Sam obszar roboczy jest bardzo ciekawym rozwiązaniem. Z „listy modeli” możemy przenieść na niego wszystkie dostępne modele końcówek mocy Powersoft, w praktycznie nieograniczonej ilości, różne rodzaje kolumn głośnikowych w tym wyrównane liniowo oraz tworzyć wirtualne racki i grupy urządzeń. Stworzenie grupy umożliwia regulacje gain, opóźnień i korekcję dla grupy wzmacniaczy.

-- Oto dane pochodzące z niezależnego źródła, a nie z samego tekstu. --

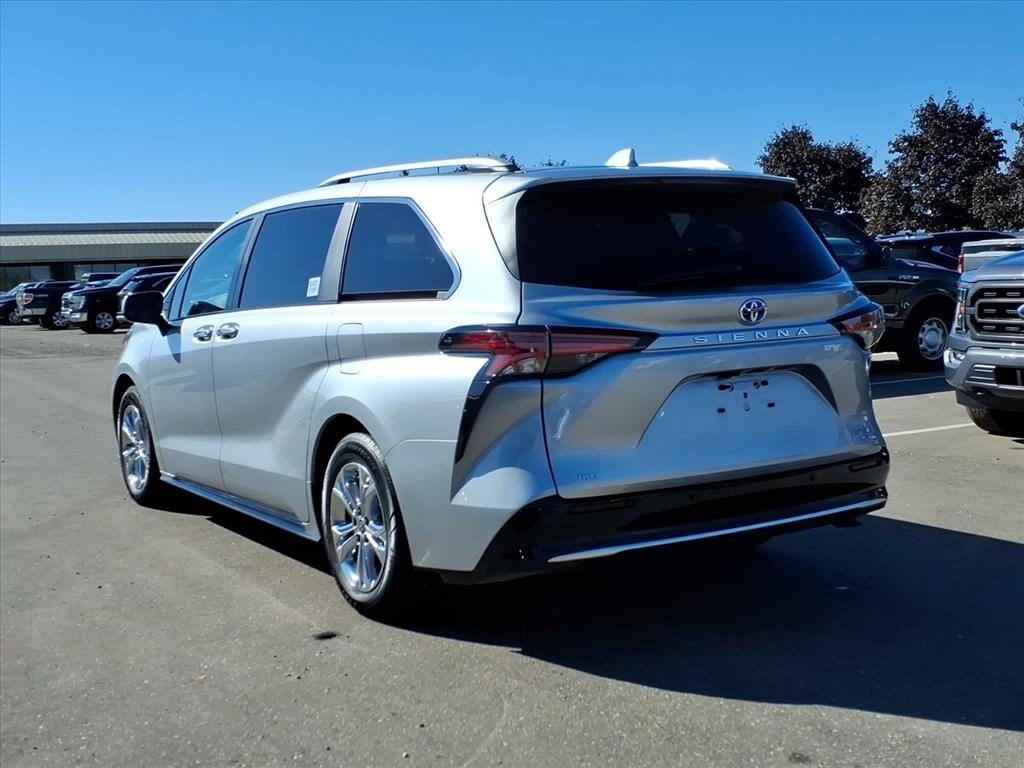 2022 Toyota Sienna Platinum photo 3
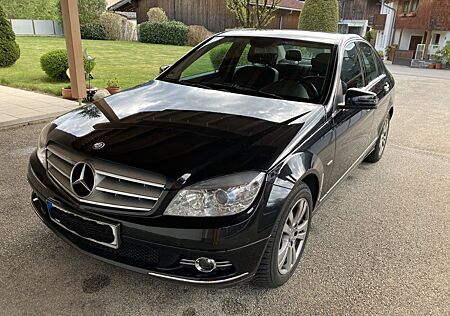 Mercedes-Benz C 180 Kompressor BlueEFFICIENCY AVANTGARDE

Armonia oferuje również możliwość pracy offline. Oznacza to, że już na magazynie, czy w drodze na sztukę mamy możliwość modelowania schematu połączeń, edycji ustawień, które zostaną później wykorzystane.

Z funkcji nie związanych ze sprzętem, a pomocnych przy bardziej rozbudowanych konfiguracjach są opcje dodawania notatek, komentarzy w chmurce oraz wstawianie obrazków z pliku dostępne we „Wstędze”  Home.

Naszą pracę znacznie ułatwi „Menedżer presetów”, dzięki któremu szybko znajdziemy interesujące nas ustawienia (dedykowane do posiadanych systemów nagłośnieniowych), edytujemy te przygotowane przez producenta lub tworzymy własne. Presety można kopiować między  końcówkami na obszarze roboczym. Jeśli dysponujemy już bankiem ustawień sprecyzowanych dla naszego sprzętu, to czas potrzebny na poszczególne operacje (strojenie, etc.) zostaje ograniczony do minimum.

Po podwójnym kliknięciu na wybraną końcówkę przejdziemy do przeglądu urządzenia. Znajdziemy tam informacje o statusie sprzętu (gotowość, moc, odczyty napięć) oraz zbiór funkcji konfiguracyjnym presetu przedstawiony w postaci schematu blokowego.

Widok ogólny

Widok ogólny

Bloki prezentują całą architekturę urządzenia ukazując kolejno poszczególne procesy, którym poddawany jest sygnał. Umożliwiają nam dostęp do następujących ustawień : routing wejścia, eq wejściowy i opóźnienia, crossover i eq wyjściowe, ustawienia limitera, ustawienia wyjścia oraz opóźnienia na kanałach wejściowych, które możemy podać w milisekundach bądź metrach.

Routing wejścia (TCX)

Routing wejścia

Ustawienia wyjścia

Ustawienia wyjścia

Poszczególne funkcje zostały zaprojektowane tak, by zapewnić maksymalną przejrzystość pracy: np. przy obsłudze korektora zmiany, które wprowadzamy do EQ jednocześnie pokazują, jak wpływają one na fazę sygnału.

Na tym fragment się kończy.